(Stored dataset items)
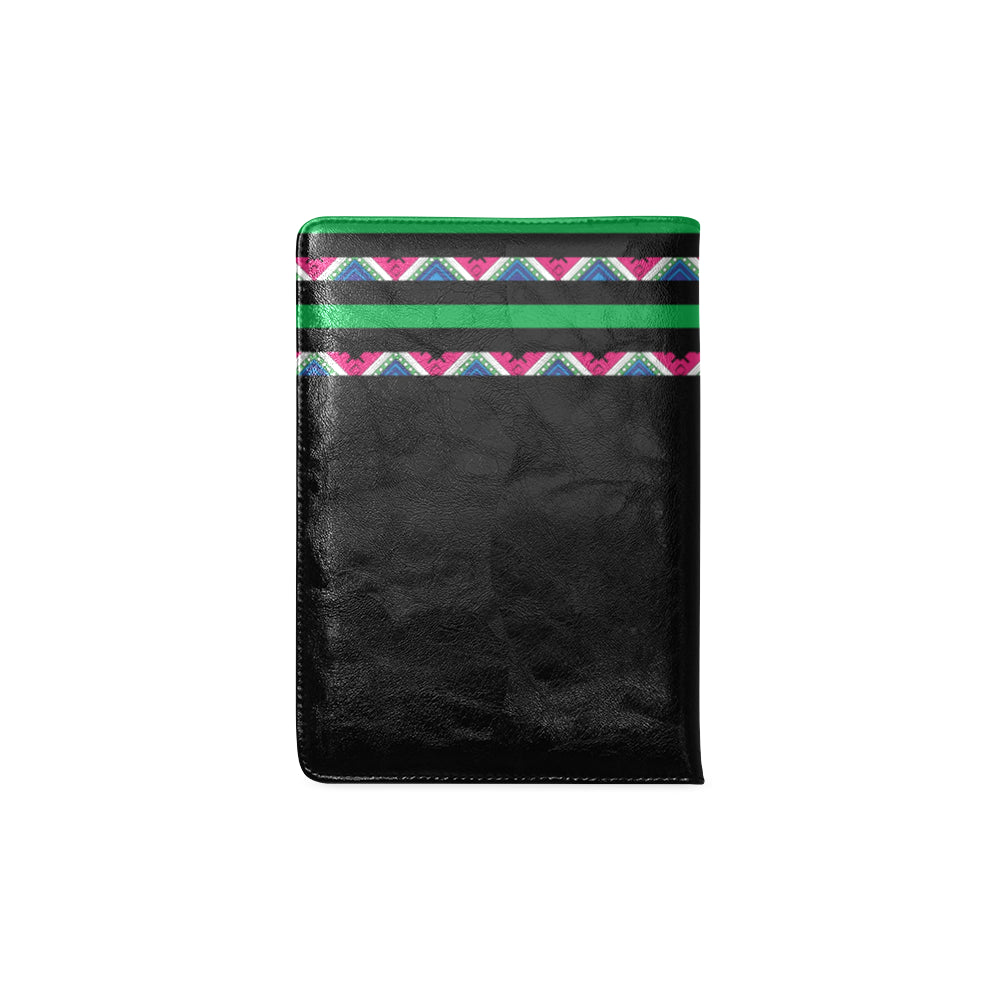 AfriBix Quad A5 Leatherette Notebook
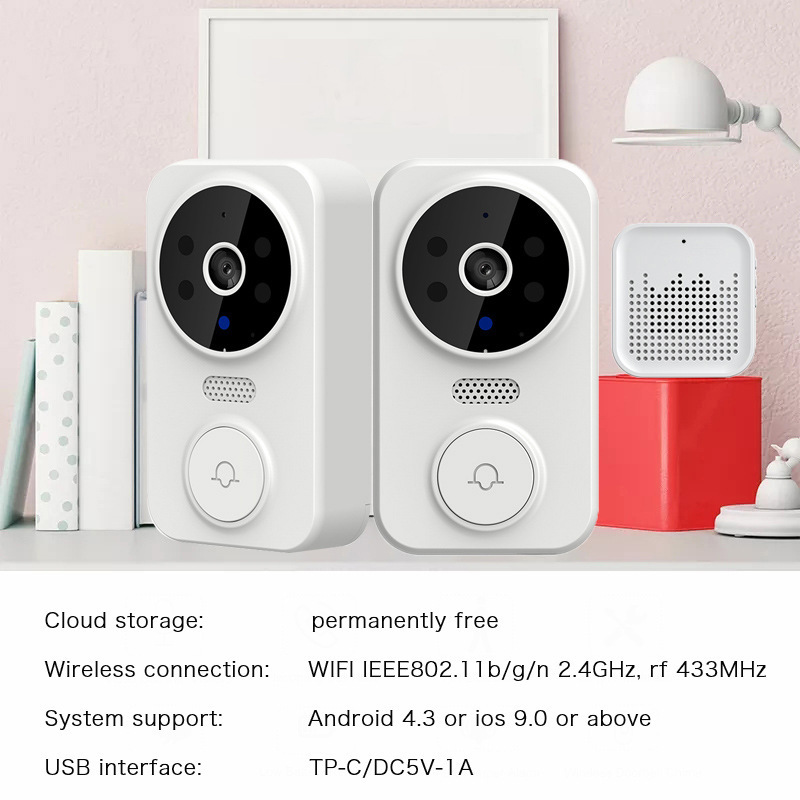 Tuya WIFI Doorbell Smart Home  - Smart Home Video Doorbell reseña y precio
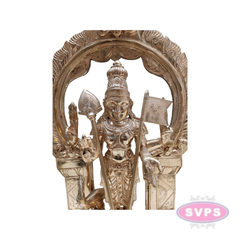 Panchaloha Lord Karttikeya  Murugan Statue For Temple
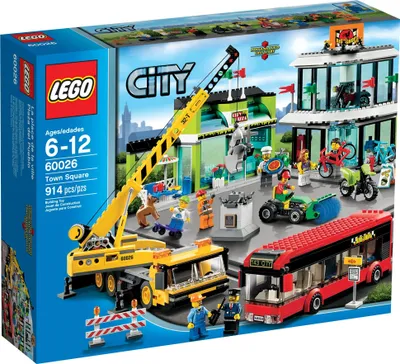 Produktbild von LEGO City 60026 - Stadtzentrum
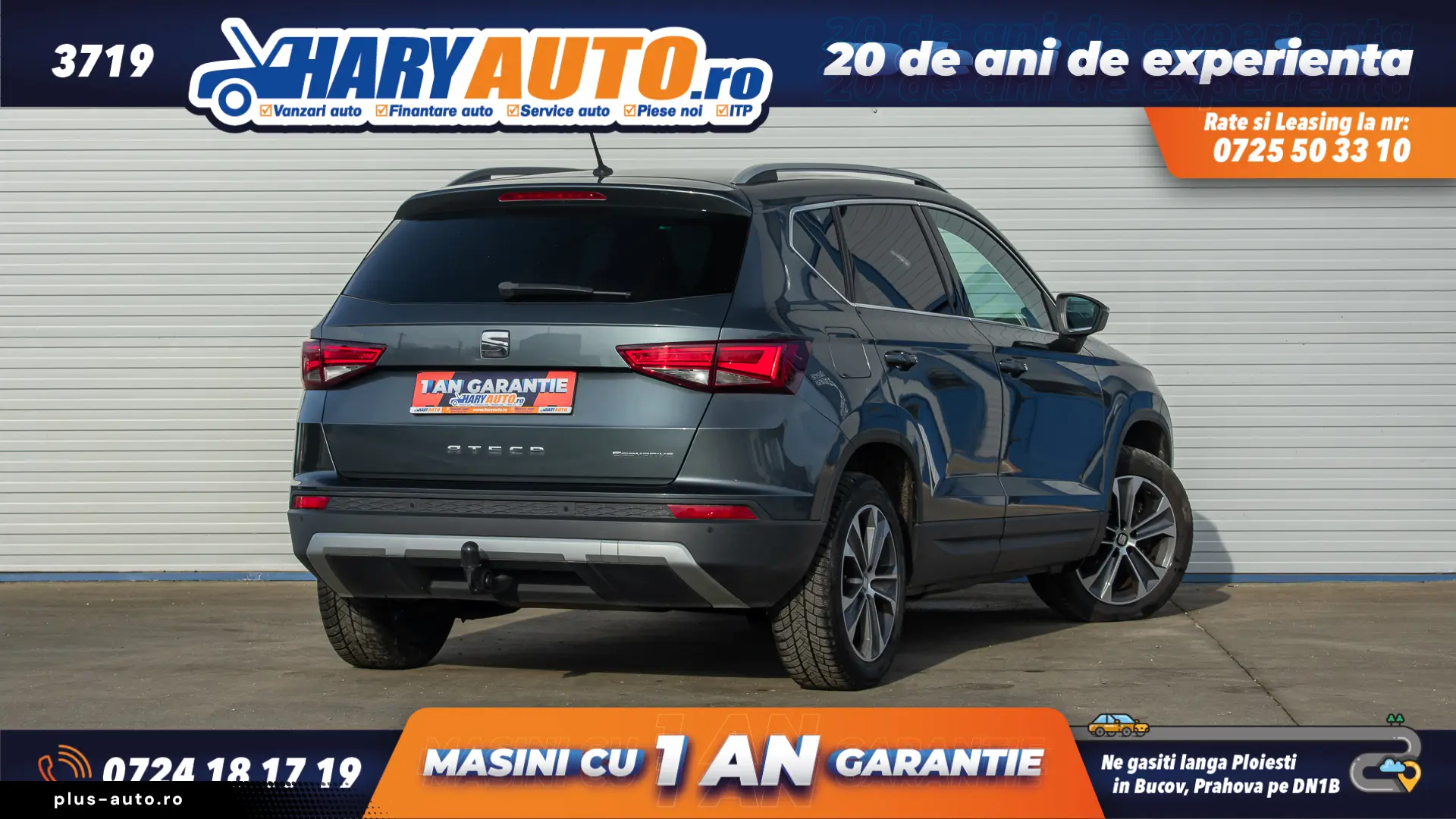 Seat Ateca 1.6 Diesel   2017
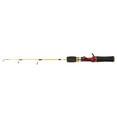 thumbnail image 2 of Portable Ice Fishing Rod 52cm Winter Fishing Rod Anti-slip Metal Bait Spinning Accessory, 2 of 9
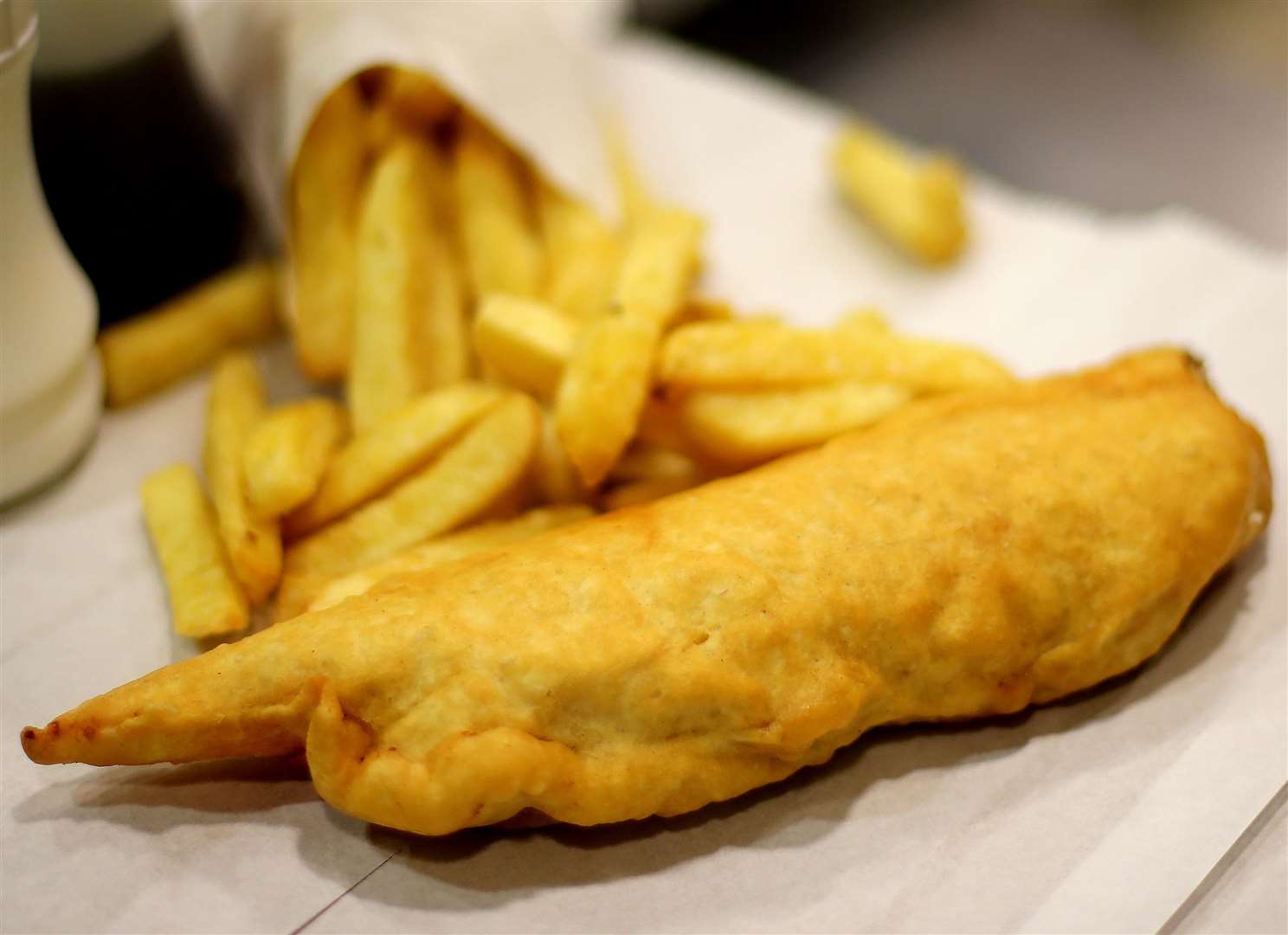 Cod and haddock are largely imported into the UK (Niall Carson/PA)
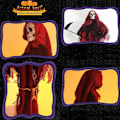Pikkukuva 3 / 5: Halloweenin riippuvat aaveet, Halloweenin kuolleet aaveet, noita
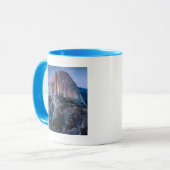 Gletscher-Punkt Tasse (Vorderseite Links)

** About this exercise **
Retype the records verbatim, but not their images.

** Reply **
 AfriBix Quad A5 Leatherette Notebook
 Tuya WIFI Doorbell Smart Home  - Smart Home Video Doorbell reseña y precio
 Panchaloha Lord Karttikeya  Murugan Statue For Temple
 Produktbild von LEGO City 60026 - Stadtzentrum
 Seat Ateca 1.6 Diesel   2017
 thumbnail image 2 of Portable Ice Fishing Rod 52cm Winter Fishing Rod Anti-slip Metal Bait Spinning Accessory, 2 of 9
 Cod and haddock are largely imported into the UK (Niall Carson/PA)
Pikkukuva 3 / 5: Halloweenin riippuvat aaveet, Halloweenin kuolleet aaveet, noita
 Gletscher-Punkt Tasse (Vorderseite Links)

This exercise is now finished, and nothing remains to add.